Implementation:InternLM Lmdeploy ThreadComm
| Knowledge Sources | |
|---|---|
| Domains | Communication, Multi_Threading |
| Last Updated | 2026-02-07 15:00 GMT |
Overview
Implements thread-based host communication for multi-rank in-process collective operations using lock-free atomic channels and barriers.
Description
ThreadCommImpl is a concrete implementation of the HostCommImpl interface that provides inter-thread collective communication primitives (Broadcast, AllGather, AllReduce, Sync) for ranks running within the same process. It uses a shared state containing an NxN grid of std::atomic<void*> channels for data exchange between ranks, avoiding kernel-level or network-level communication overhead. The ThreadGroupId class manages initialization of shared state and creation of communicator instances using std::call_once for thread-safe setup. Reduction operations support Sum, Min, and Max for integer data types (int32, int64, uint32, uint64).
Usage
Used internally when multiple inference worker threads need to perform collective operations (broadcast, all-gather, all-reduce) within a single process.
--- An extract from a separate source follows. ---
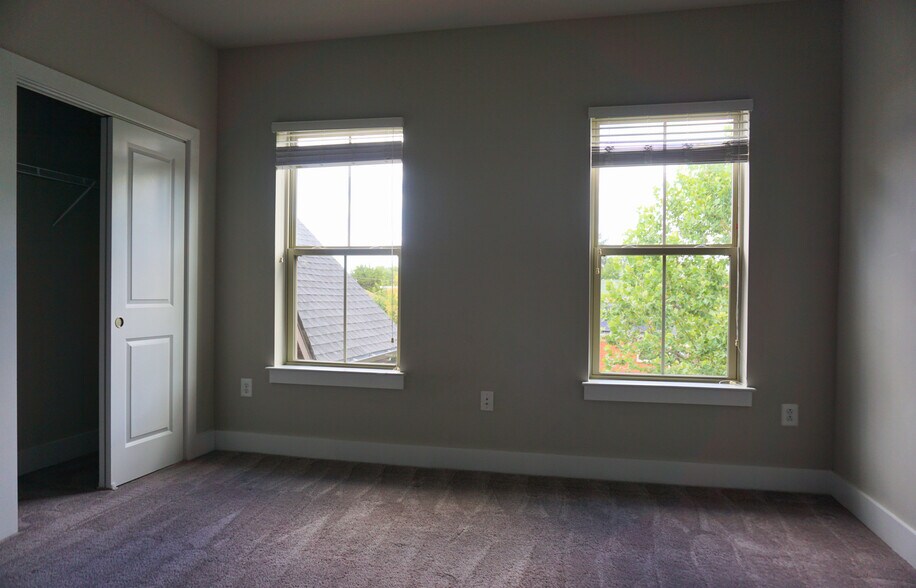 Third floor, master bedroom - 1309 S Quinn St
Created via CreateThreadGroupId() and then calling CreateCommunicator() on the returned group ID.
Code Reference
Source Location
- Repository: InternLM_Lmdeploy
- File: src/turbomind/comm/thread_comm.cc
- Lines: 1-364
Signature
namespace turbomind::comm {
struct ThreadCommImpl : public HostCommImpl {
ThreadCommImpl(int n_ranks, std::shared_ptr<State> state, int rank);
int rank() const override;
int n_ranks() const override;
bool is_same_process() const override;
std::shared_ptr<HostCommImpl> Split(int color, int key) override;
void Sync(bool blocking) override;
void Broadcast(void* data, int count, DataType dtype, int root,
copy_fn copy, ser_fn ser, des_fn des) override;
void AllGather(void* data, int count, DataType dtype,
copy_fn copy, ser_fn ser, des_fn des) override;
void AllReduce(void* data, int count, DataType dtype, RedOp red_op) override;
};
class ThreadGroupId : public HostGroupId {
void Initialize() override;
void Export(std::ostream& os) override;
void Import(std::istream& is) override;
HostComm CreateCommunicator(int n_ranks, int rank, int node_rank = 0) override;
};
std::unique_ptr<HostGroupId> CreateThreadGroupId();
} // namespace turbomind::comm
Import
#include "src/turbomind/comm/host_comm.h"
I/O Contract
Inputs
| Name | Type | Required | Description |
|---|---|---|---|
| n_ranks | int | Yes | Total number of ranks in the communicator group |
| rank | int | Yes | The rank index of this thread (0-based) |
| state | std::shared_ptr<State> | Yes | Shared state containing atomic channels and barrier |
Outputs
| Name | Type | Description |
|---|---|---|
| HostComm | HostComm | A communicator handle wrapping the ThreadCommImpl |
| HostGroupId | std::unique_ptr<HostGroupId> | Factory object for creating thread-based communicators |
Usage Examples
// Create a thread group ID and initialize
auto group_id = turbomind::comm::CreateThreadGroupId();
group_id->Initialize();
// Each thread creates its own communicator
HostComm comm = group_id->CreateCommunicator(n_ranks, rank);
// Perform collective operations
int value = 42;
turbomind::comm::Broadcast(comm, value, /*root=*/0);
auto gathered = turbomind::comm::AllGather(comm, value);